§ **Your task**
For the records shown below, return an exact copy that excludes the pictures.

§ **Data extracts**
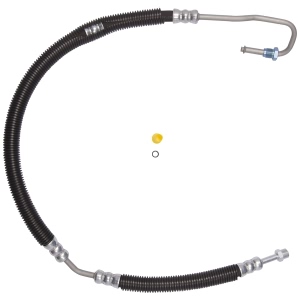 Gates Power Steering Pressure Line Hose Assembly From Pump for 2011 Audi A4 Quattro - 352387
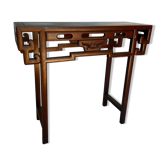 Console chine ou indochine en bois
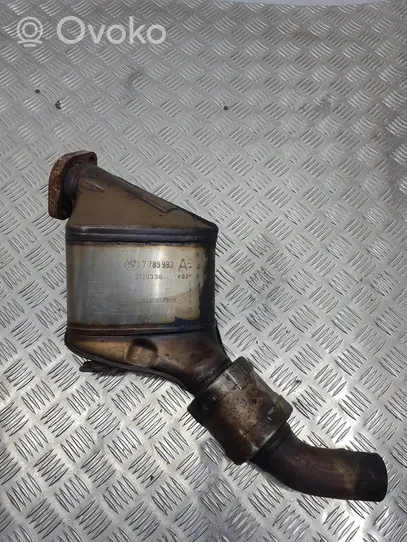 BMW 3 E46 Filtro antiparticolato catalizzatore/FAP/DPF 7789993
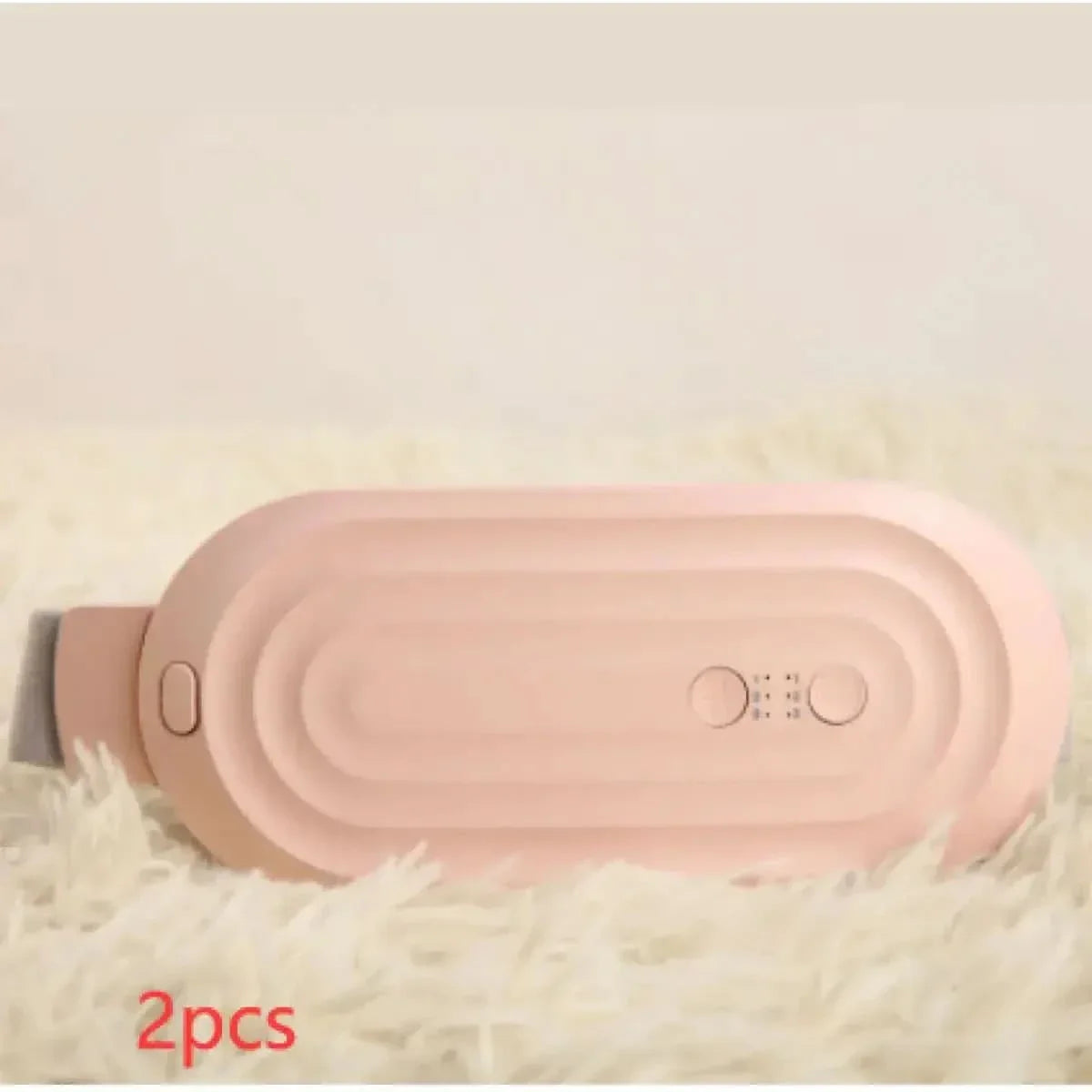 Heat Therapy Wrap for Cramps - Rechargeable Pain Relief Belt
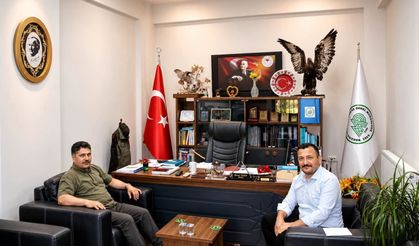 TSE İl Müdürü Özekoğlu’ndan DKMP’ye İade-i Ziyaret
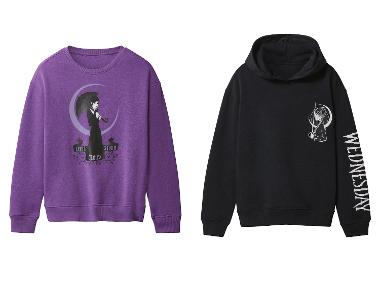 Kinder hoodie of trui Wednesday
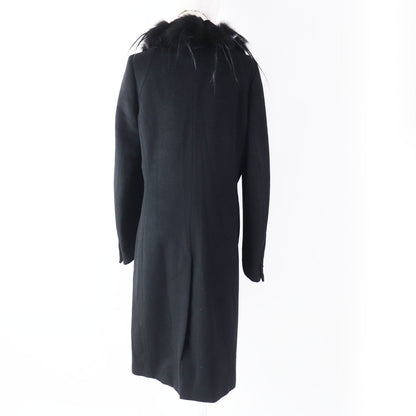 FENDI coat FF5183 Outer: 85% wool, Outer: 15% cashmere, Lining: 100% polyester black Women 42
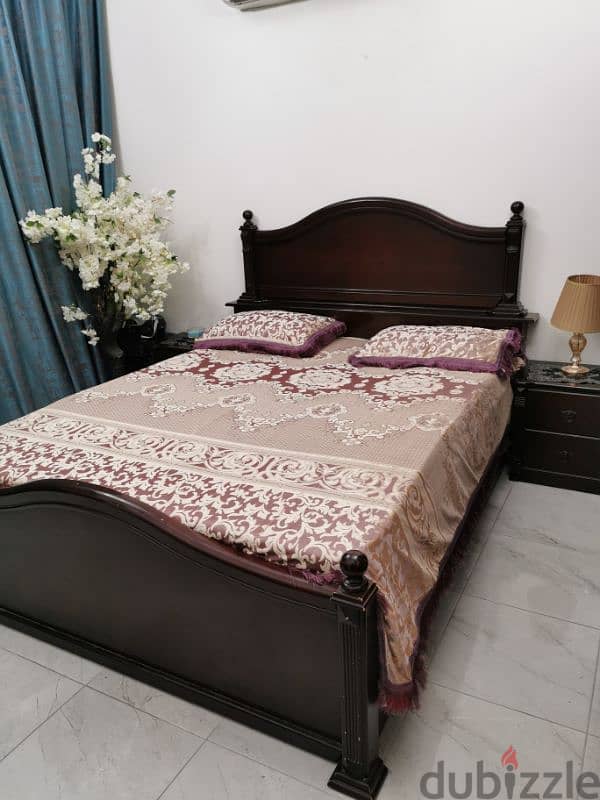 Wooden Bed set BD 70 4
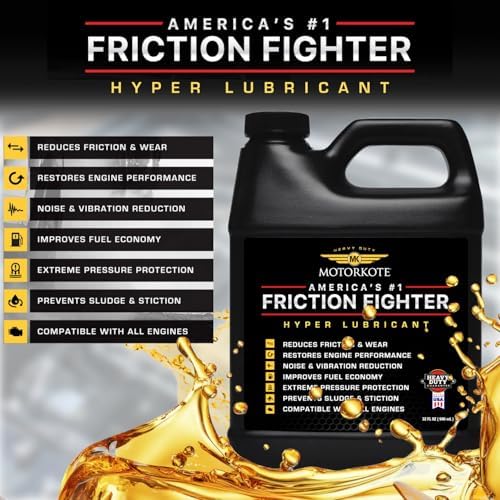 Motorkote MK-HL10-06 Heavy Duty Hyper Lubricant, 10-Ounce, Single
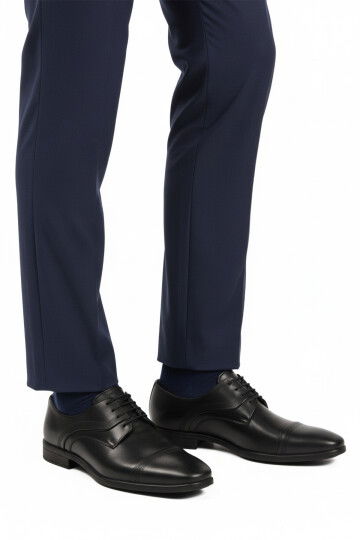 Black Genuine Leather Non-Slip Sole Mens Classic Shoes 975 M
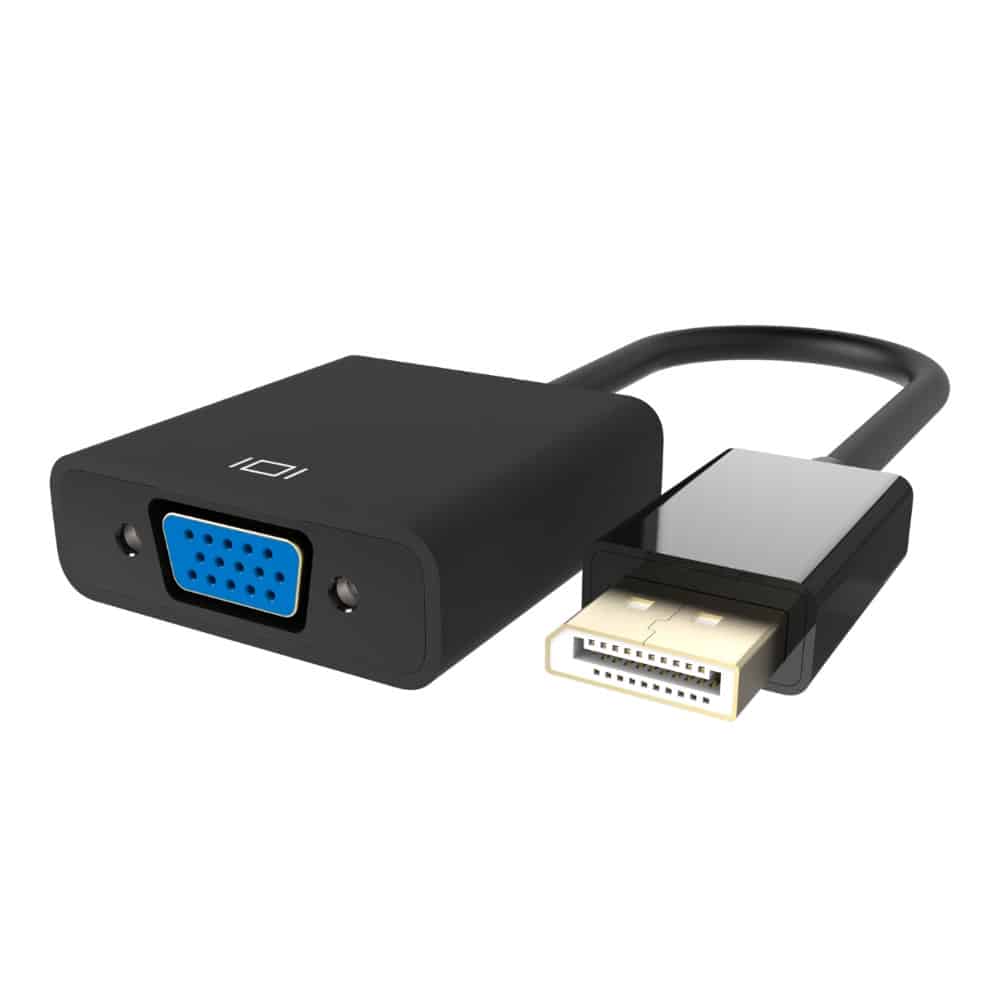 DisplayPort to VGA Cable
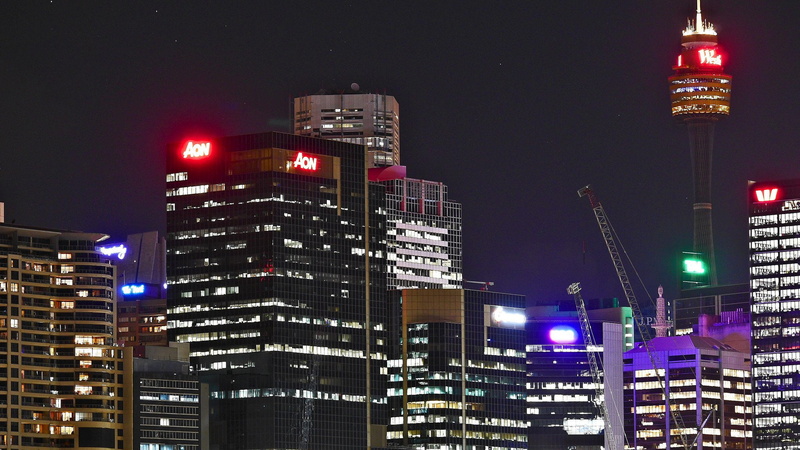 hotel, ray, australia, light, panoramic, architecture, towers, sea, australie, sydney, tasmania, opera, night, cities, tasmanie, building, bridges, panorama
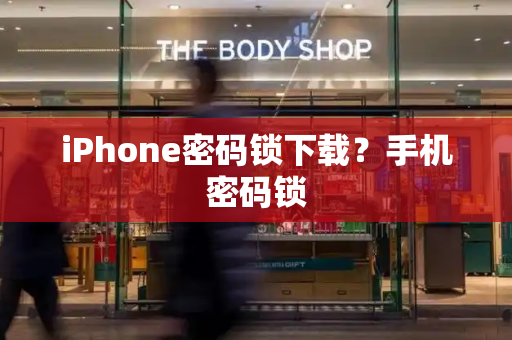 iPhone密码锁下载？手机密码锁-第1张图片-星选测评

§ **Response area**
 Gates Power Steering Pressure Line Hose Assembly From Pump for 2011 Audi A4 Quattro - 352387
 Console chine ou indochine en bois
 BMW 3 E46 Filtro antiparticolato catalizzatore/FAP/DPF 7789993
 Heat Therapy Wrap for Cramps - Rechargeable Pain Relief Belt
 TSE İl Müdürü Özekoğlu’ndan DKMP’ye İade-i Ziyaret
 Kinder hoodie of trui Wednesday
 FENDI coat FF5183 Outer: 85% wool, Outer: 15% cashmere, Lining: 100% polyester black Women 42
 Wooden Bed set BD 70 4
 Motorkote MK-HL10-06 Heavy Duty Hyper Lubricant, 10-Ounce, Single
 Black Genuine Leather Non-Slip Sole Mens Classic Shoes 975 M
 DisplayPort to VGA Cable
 hotel, ray, australia, light, panoramic, architecture, towers, sea, australie, sydney, tasmania, opera, night, cities, tasmanie, building, bridges, panorama
 iPhone密码锁下载？手机密码锁-第1张图片-星选测评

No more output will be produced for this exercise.